Action item:
All of the entries below are to be retyped exactly.

(Web page caption snippets)
[Start of section]
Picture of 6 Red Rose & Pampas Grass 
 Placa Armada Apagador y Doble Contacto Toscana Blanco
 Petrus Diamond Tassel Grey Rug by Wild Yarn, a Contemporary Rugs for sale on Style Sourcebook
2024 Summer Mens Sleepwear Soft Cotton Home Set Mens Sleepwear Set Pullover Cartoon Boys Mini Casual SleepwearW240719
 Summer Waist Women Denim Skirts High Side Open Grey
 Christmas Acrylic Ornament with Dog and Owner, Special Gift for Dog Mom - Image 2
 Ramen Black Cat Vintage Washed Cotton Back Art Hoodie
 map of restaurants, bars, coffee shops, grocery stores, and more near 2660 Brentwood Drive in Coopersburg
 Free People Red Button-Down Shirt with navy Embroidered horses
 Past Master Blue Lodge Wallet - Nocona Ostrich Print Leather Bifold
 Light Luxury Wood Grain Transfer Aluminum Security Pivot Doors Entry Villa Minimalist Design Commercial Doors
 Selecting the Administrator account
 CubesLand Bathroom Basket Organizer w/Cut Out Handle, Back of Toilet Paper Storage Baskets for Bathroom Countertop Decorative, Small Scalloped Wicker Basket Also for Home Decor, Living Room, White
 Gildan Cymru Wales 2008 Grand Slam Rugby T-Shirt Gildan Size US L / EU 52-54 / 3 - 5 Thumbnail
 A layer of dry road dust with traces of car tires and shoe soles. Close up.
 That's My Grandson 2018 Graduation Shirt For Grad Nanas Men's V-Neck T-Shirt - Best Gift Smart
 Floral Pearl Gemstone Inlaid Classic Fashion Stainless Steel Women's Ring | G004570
[End of section]
Task result:
Picture of 6 Red Rose & Pampas Grass 
 Placa Armada Apagador y Doble Contacto Toscana Blanco
 Petrus Diamond Tassel Grey Rug by Wild Yarn, a Contemporary Rugs for sale on Style Sourcebook
2024 Summer Mens Sleepwear Soft Cotton Home Set Mens Sleepwear Set Pullover Cartoon Boys Mini Casual SleepwearW240719
 Summer Waist Women Denim Skirts High Side Open Grey
 Christmas Acrylic Ornament with Dog and Owner, Special Gift for Dog Mom - Image 2
 Ramen Black Cat Vintage Washed Cotton Back Art Hoodie
 map of restaurants, bars, coffee shops, grocery stores, and more near 2660 Brentwood Drive in Coopersburg
 Free People Red Button-Down Shirt with navy Embroidered horses
 Past Master Blue Lodge Wallet - Nocona Ostrich Print Leather Bifold
 Light Luxury Wood Grain Transfer Aluminum Security Pivot Doors Entry Villa Minimalist Design Commercial Doors
 Selecting the Administrator account
 CubesLand Bathroom Basket Organizer w/Cut Out Handle, Back of Toilet Paper Storage Baskets for Bathroom Countertop Decorative, Small Scalloped Wicker Basket Also for Home Decor, Living Room, White
 Gildan Cymru Wales 2008 Grand Slam Rugby T-Shirt Gildan Size US L / EU 52-54 / 3 - 5 Thumbnail
 A layer of dry road dust with traces of car tires and shoe soles. Close up.
 That's My Grandson 2018 Graduation Shirt For Grad Nanas Men's V-Neck T-Shirt - Best Gift Smart
 Floral Pearl Gemstone Inlaid Classic Fashion Stainless Steel Women's Ring | G004570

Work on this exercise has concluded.